In the February 11, 1832, issue of Nile's Reporter of Baltimore, the editor writes of a $5 note of the Salem & Philadelphia Manufacturing Company he received in the mail in "payment" of a subscription. "The words `Philadelphia Manuf'g,' on the note were set in large letters," he wrote, "and the word `Manuf'g' flourished so as to look like `Bank,' the obvious attempt being to fool people into thinking this was a note of the Philadelphia Bank."
A few months later, on September 8, 1832, this editor included the following news item in his publication: "A fellow in St. Louis, Missouri, arrested, having $2,750 in notes of the Salem & Philadelphia Manuf'g Company of New Jersey."

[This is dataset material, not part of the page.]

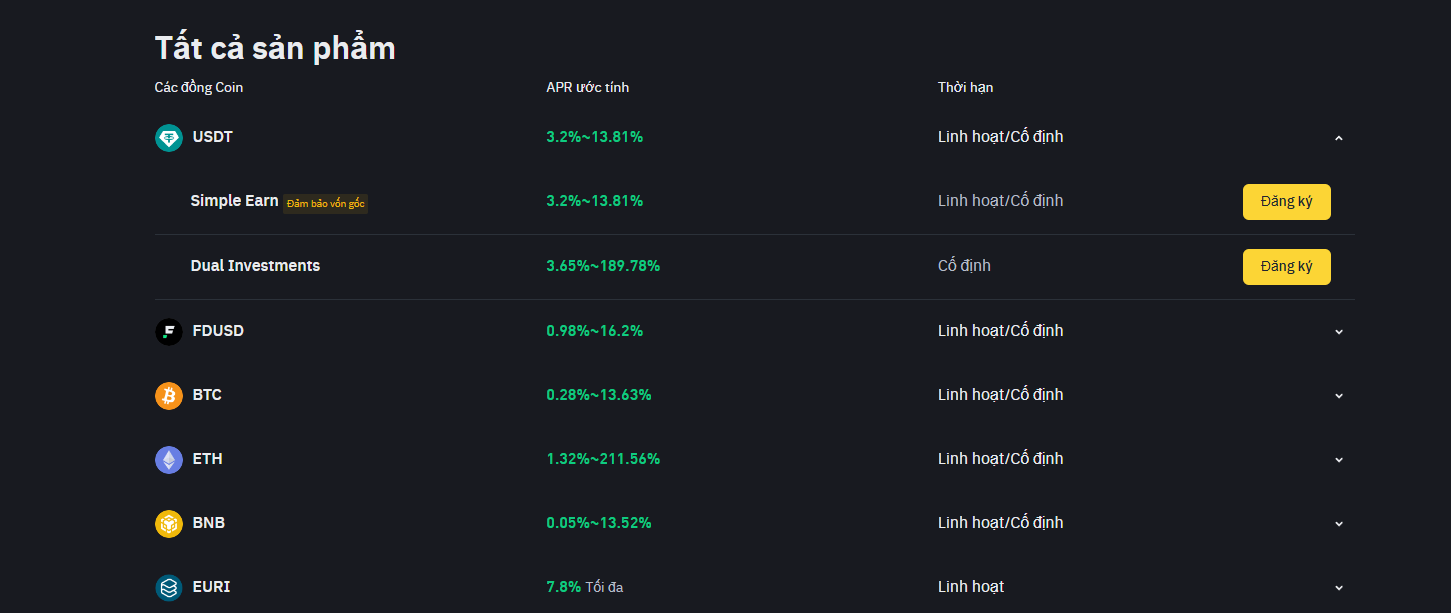 Giao diện Binance Earn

Of course, not all cases of fraud have such happy endings. During the 1980s, in the biggest bank robbery in history, various criminals--aided by their lackeys in the Democratic Party, including Jim Wright of Texas, Tony Coehlo of California, Ferdinand St. Germain of Rhode Island, and Don Reigle of Michigan--stole something like $200 billion from the savings and loan associations of the country. Again, the schemers outsmarted the regulators and found the politicians pliable enough. And, again, honest bankers and the public-at-large were made to suffer.
The worst response to these cases is the one most frequently chosen by the political class: pass more government regulations, centralize the system, and put the bureaucrats in charge of rooting out cheats and crooks. It never works. Often, this path kicks the crooks up a little higher in the food chain, so instead of wildcat banking, we get wildcat central banking and international business cycles. The best advice to investors is--as it has always been--caveat emptor.
But getting back to the $3 bill of the Salem & Philadelphia Manufacturing Company: at least it wasn't a total loss. After the passing of 170 years, this note is finally worth something--as a collector's item.